Adittya juga menyampaikan tantangan bekerja di ruang sempit bergerak. Ia khawatir alat-alat canggih terjatuh saat mobil melaju atau saat menghadapi hewan agresif.
“Tantangan di mobil yang sempit-sempitan mungkin lucu ya kayak kalau kucingnya ‘reog’, kita juga berhadapan dengan alat lab yang sangat lengkap di sini. Itu otomatis kalau sebisa mungkin hewannya sereog apa pun kita harus pegang, nggak boleh dilepas,” jelasnya.
“Kalau dilepas lebih takutnya ke alat-alatnya, takut nantinya kena tendang atau kena digoyang aja alat-alatnya juga bisa kayak ada alat hematologi itu ada cairannya di atas mejanya juga, jadi takutnya tumpah, jadi nanti takut korsleting,” ucapnya.
Pengalaman Menangani Beragam Hewan
Adittya mengatakan pengalaman bertugas di mobil klinik memberi variasi kasus. Ia pernah memeriksa iguana, sugar glider, hingga domba yang dibawa ke dalam mobil.
“Sangat serulah di mobil klinik hewan ini. Saya rasa kayak di tempat yang sempit ini banyak alatnya, banyak tingkah lucu dari owner-nya, ada yang bawa iguana, ada yang bawa sugar glider, tadi pagi kita habis memeriksa kambing juga,” kata Adittya.
Ia menjelaskan beberapa kasus yang ditangani. Sugar glider diperiksa pascamelahirkan agar kondisi induk dan anak dapat dipastikan.
“Jadi dari owner keluhannya tidak ada, tapi hanya saja buat kan tadi kalau sugar glider itu dia habis melahirkan, jadi ada katanya ‘mau diperiksa aja, Dok, anaknya gimana’, kondisi si sugar glider-nya gimana,” jelas dia.
Sementara untuk iguana, Adittya menjelaskan kondisi setelah makan sempat menimbulkan refleks menelan yang terganggu, namun pemeriksaan menunjukkan kondisi membaik.
“Terus kalau untuk iguana juga kemarin katanya sempat ada sesuatu setelah dia makan, ada keluar kayak mau refleks buat menelannya itu susah.

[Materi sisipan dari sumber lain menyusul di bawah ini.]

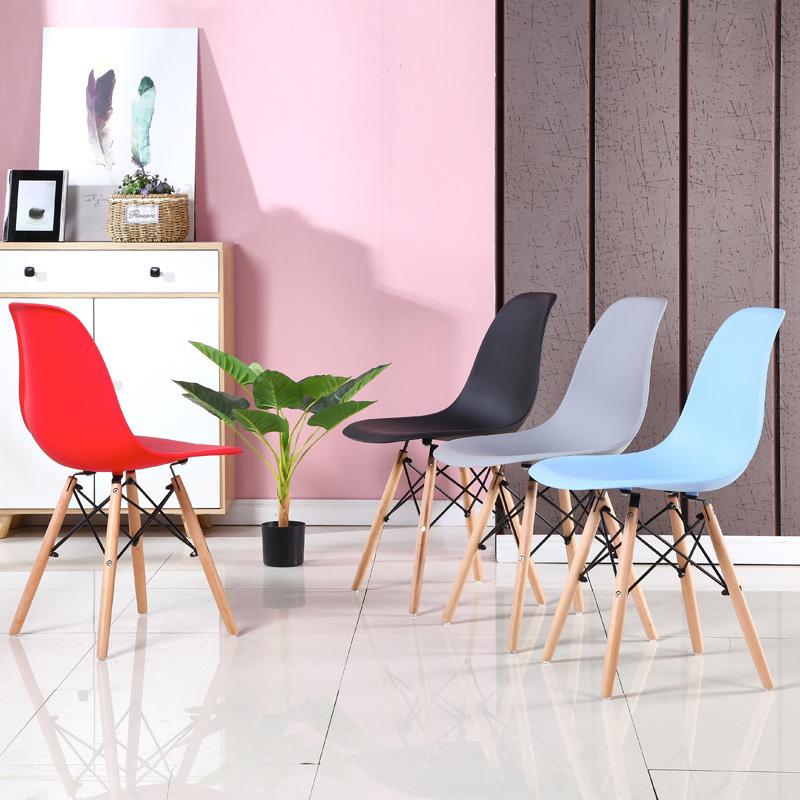 Modern Eiffel Dining Chairs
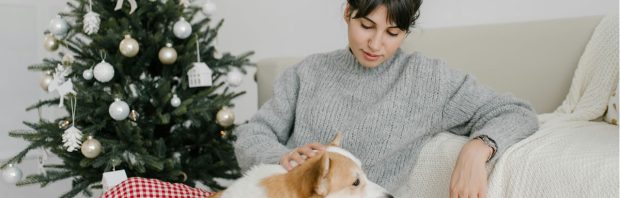 Zo blijf je dicht bij jezelf tijdens de feestdagen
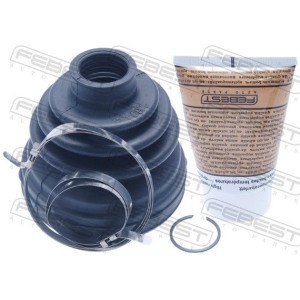 Bellow, drive shaft FEBEST 0115-KUN26T
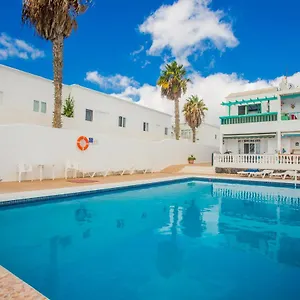Haria En Puerto Del Carmen Apartment Tias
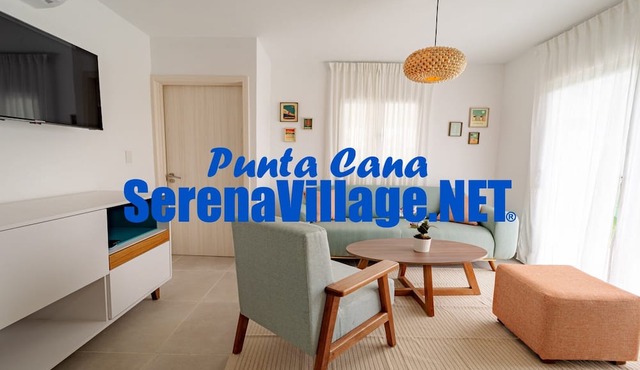 Serena Village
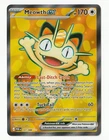 Full Art Meowth EX Holo 107/088 - Pokemon Perfect Order 2026 (NM)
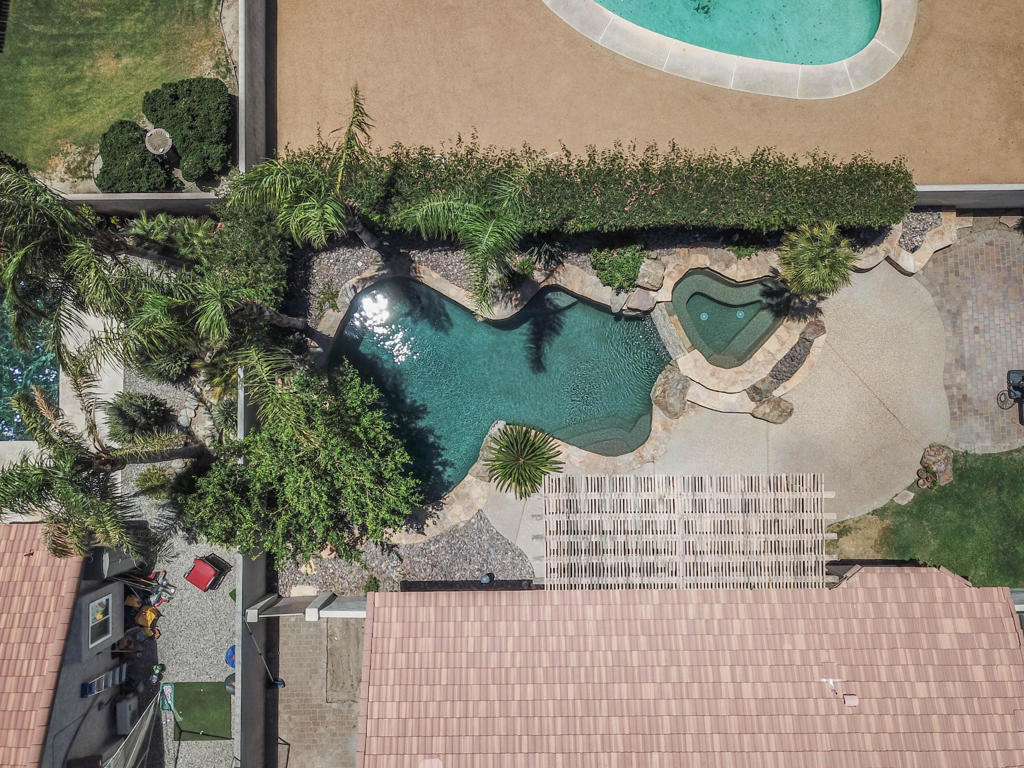 Century Park - Residential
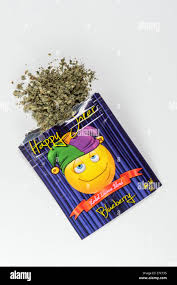 Buy Blueberry Herbal Incense Online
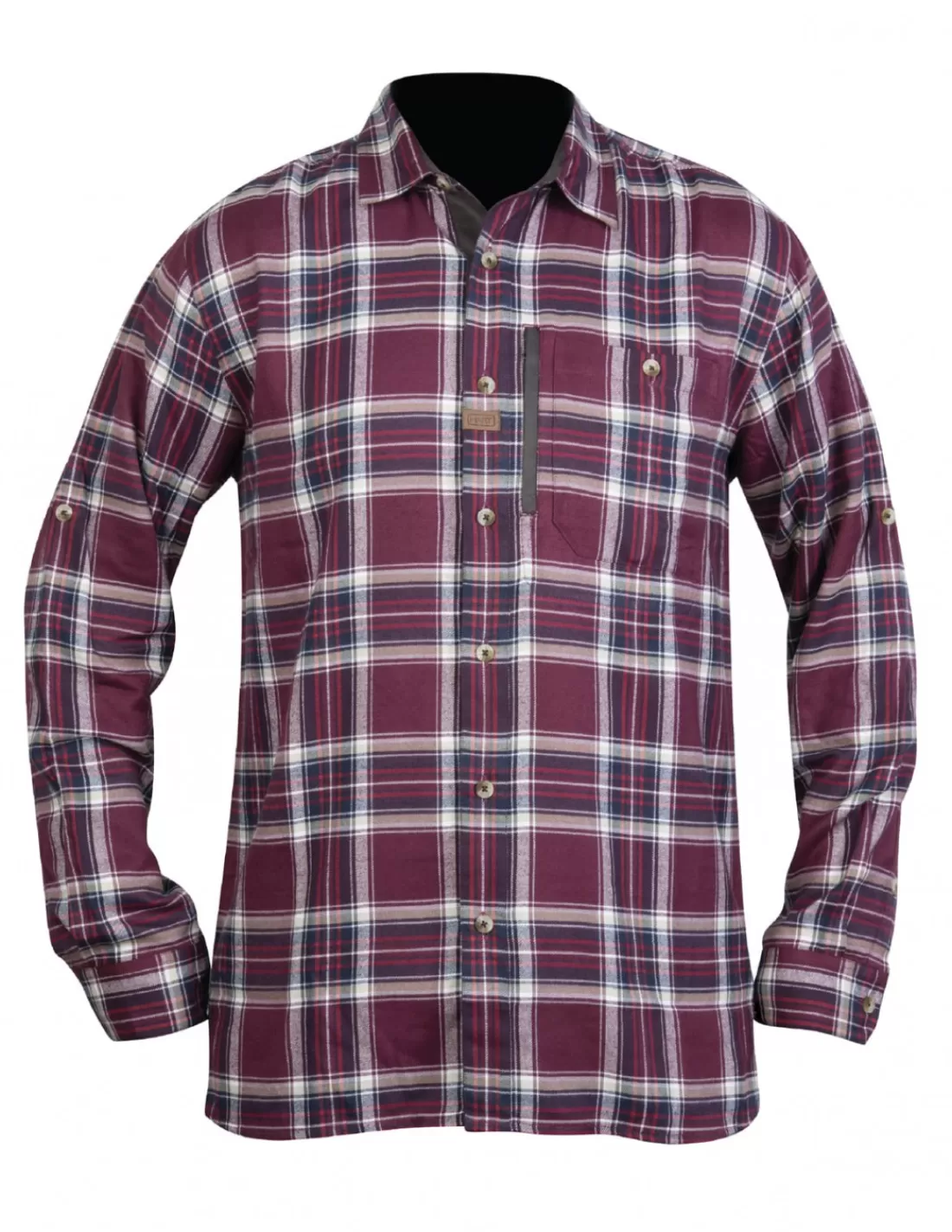 HART HUNTING Hart Gifu Hemd | Herren Hemden Und Tshirts
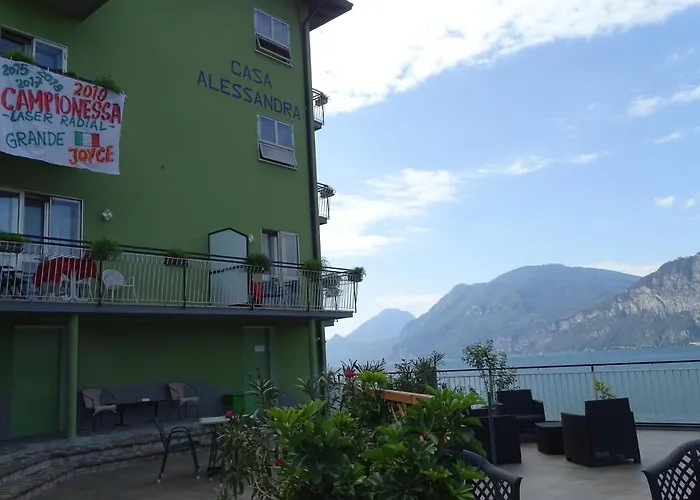 Hotel Casa Alessandra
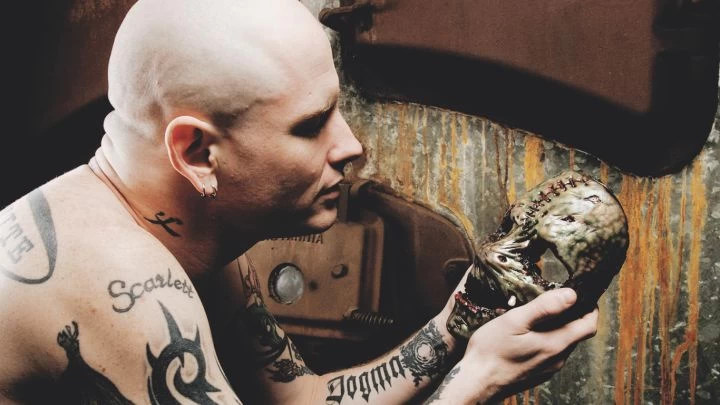 Corey Taylor se queja de sus ingresos: “No ganamos mucha plata”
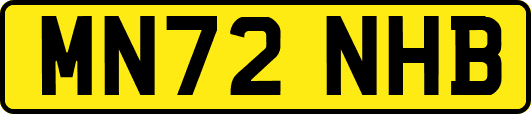 MN72NHB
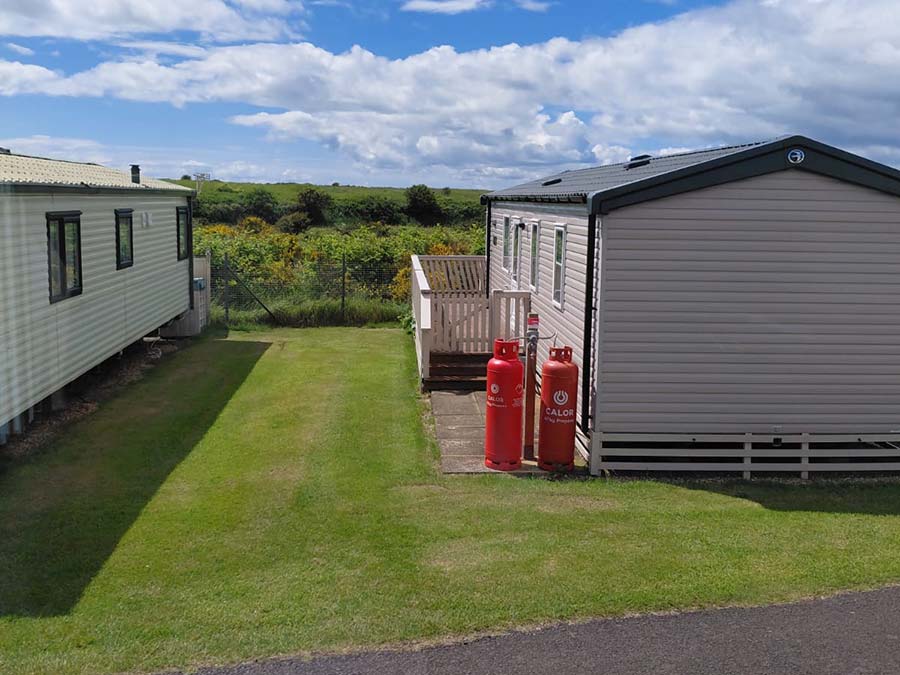 Willerby Linwood 2024 for sale at Prestwick Holiday Park Willerby Linwood 2024 for sale at Prestwick Holiday Park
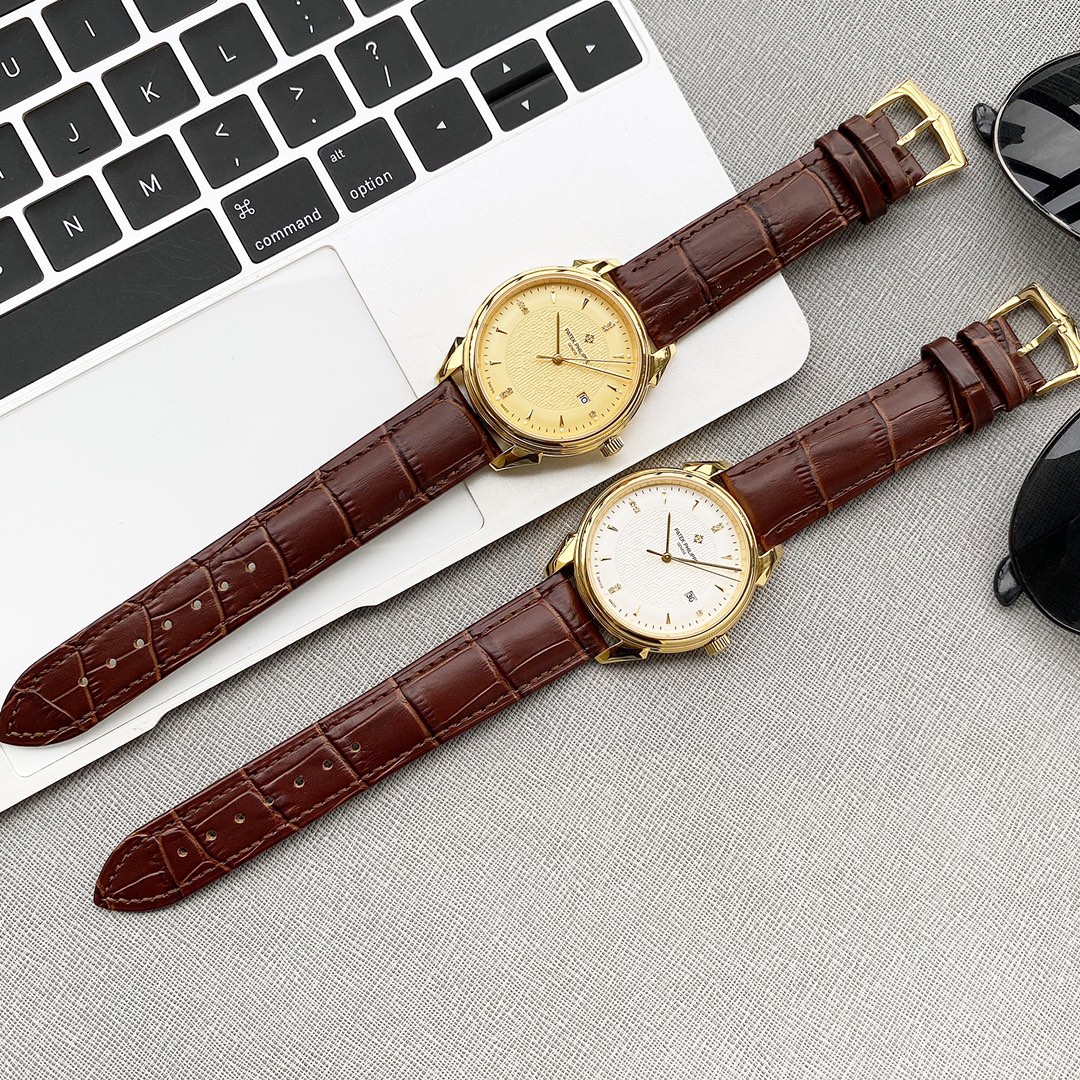 Watches Patek Philippe 314337 size:40*10 mm - vstockx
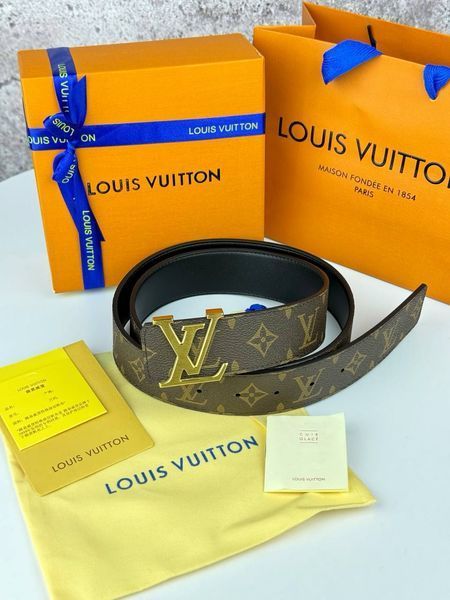 Модель в стилі Louis Vuitton Gold  R0014 фото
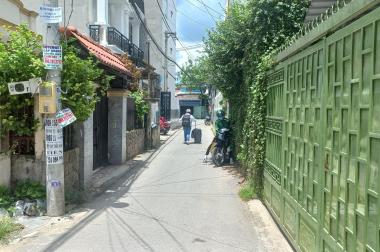 Bán Lô Đất Mặt tiền Hẻm 139 Đường Số 11 - Trường Thọ - Thành Phố Thủ Đức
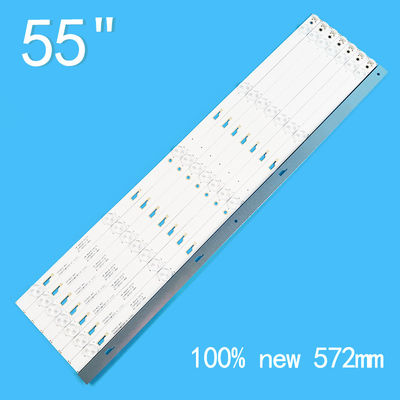55L2600C 55L26CMC TCL TV Backlight 55U3600C 55D1600 D55E161 55HR332M05A3 V0 V1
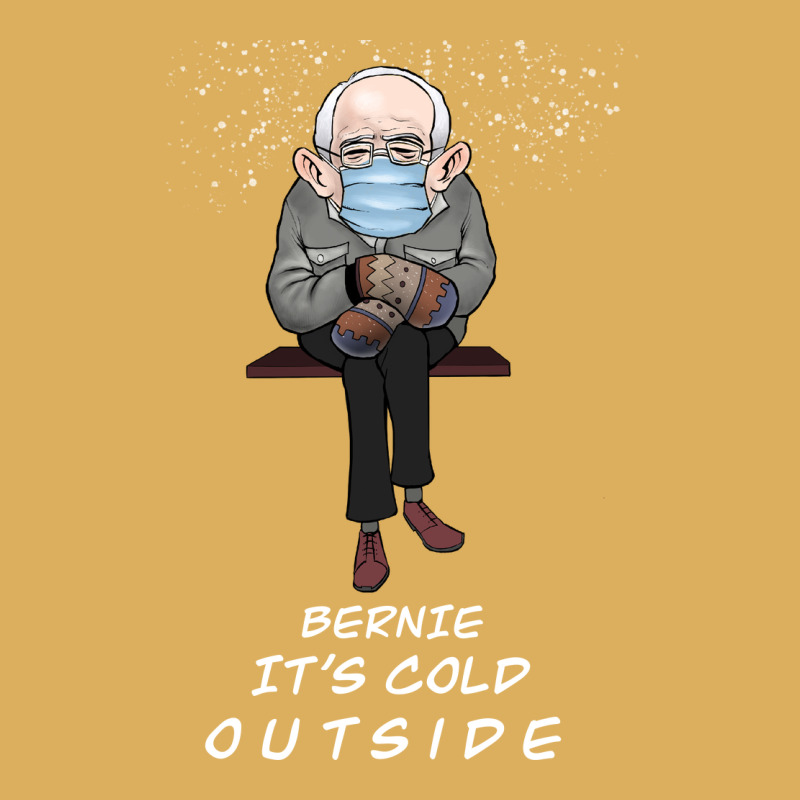 Bernie It' Could Outside Premium Hoodie by Bettercallsaul | Teevron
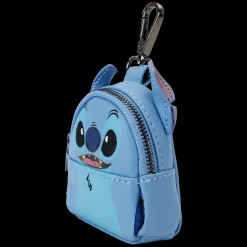 Disney Pet Accessories<Stitch Cosplay Treat Bag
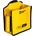 Singing Rock Tool bag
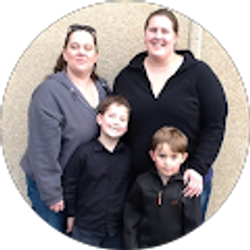 Profile photo of Sarah Oxford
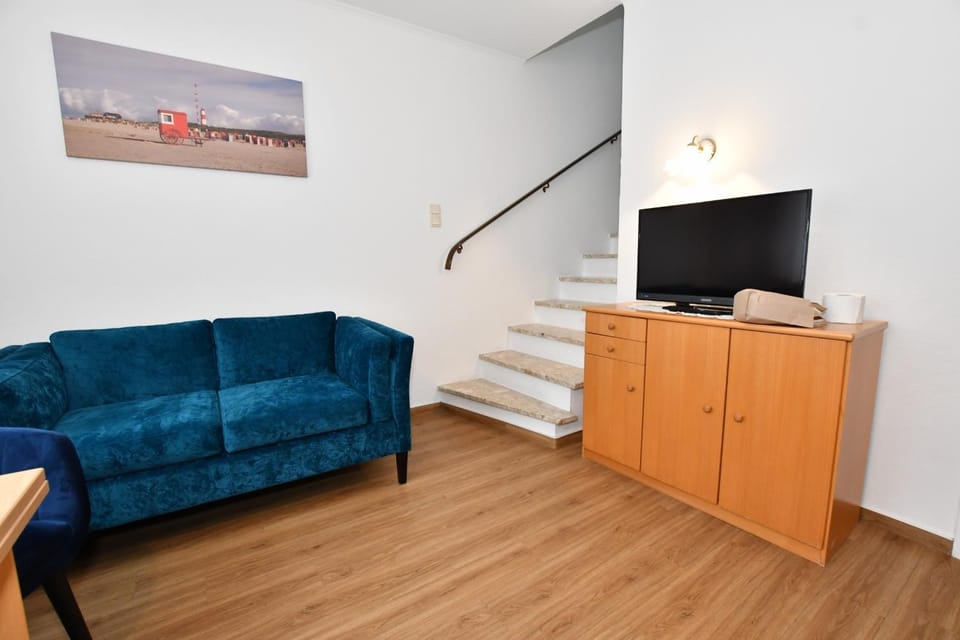Schnieders-Knibbelke Apartment in Borkum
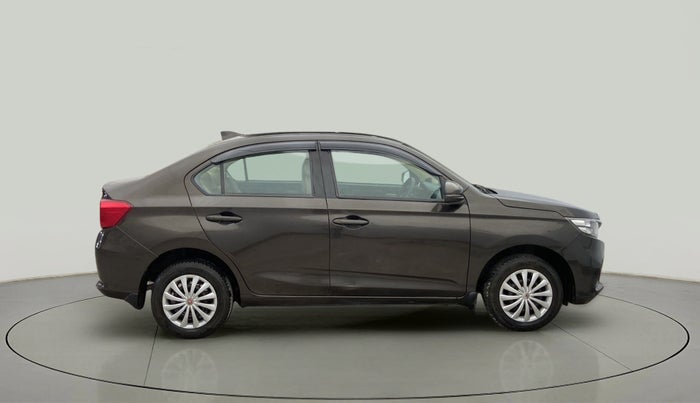 2018 Honda Amaze 1.2L I-VTEC S, Petrol, Manual, 49,168 km, Right Side View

Jadi kita bantu lihat, alhamdulillahnya waktu diperiksa sudah tidak ada dan efek refleks menelannya juga sudah bagus. Jadi tidak, hanya pemeriksaan buat cek kesehatan dari luarnya saja seperti itu,” imbuh dia.
Respons Warga
Hadirnya klinik keliling disambut positif warga karena mengurangi jarak dan biaya untuk memeriksakan hewan peliharaan.
Akbar, warga Ciganjur, mengatakan jarak ke lokasi klinik keliling lebih dekat dibandingkan ke klinik hewan tetap di Ragunan, sehingga sangat membantu pemilik hewan.
“Ya satu, untuk jarak lebih dekat ya dari rumah. Terus untuk biayanya juga relatif terjangkau gitu, daripada harus ke yang agak, harganya juga lumayan kalau ke klinik atau Puskeswan gitu,” kata Akbar saat ditemui di lokasi, Kamis (16/7).
Akbar menyebut mengetahui layanan ini lewat media sosial dan melihat peluncurannya oleh Gubernur Pramono Anung.
“Awalnya kan Pak Pramono Anung itu kan kemarin launching ya, terus saya lihat di Instagram-nya juga ada klinik hewan keliling sini, sangat bermanfaat sih. Kebetulan kucing saya dua lagi sakit, saya langsung datang pas lihat di Instagram,” jelas dia.
Sri Sukmana, warga Srengseng Sawah, juga mengapresiasi kehadiran layanan karena memiliki banyak kucing yang perlu vaksinasi dan perawatan sterilisasi.
“Iya, ini kucing dua divaksin. Kemarin itu yang induknya disteril, anaknya berobat mata,” kata Sri.
Sri telah membawa empat kucingnya dalam dua hari ke layanan Klinik Hewan Keliling yang beroperasi di halaman kantor Kelurahan Srengseng Sawah. Ia berharap program layanan ini terus diselenggarakan dan semakin berkembang.
“Harapan saya ya sering-sering aja sih ya sering-sering diadain ya. Vaksinnya gratis, tapi kalau kemarin berobat bayar,” katanya.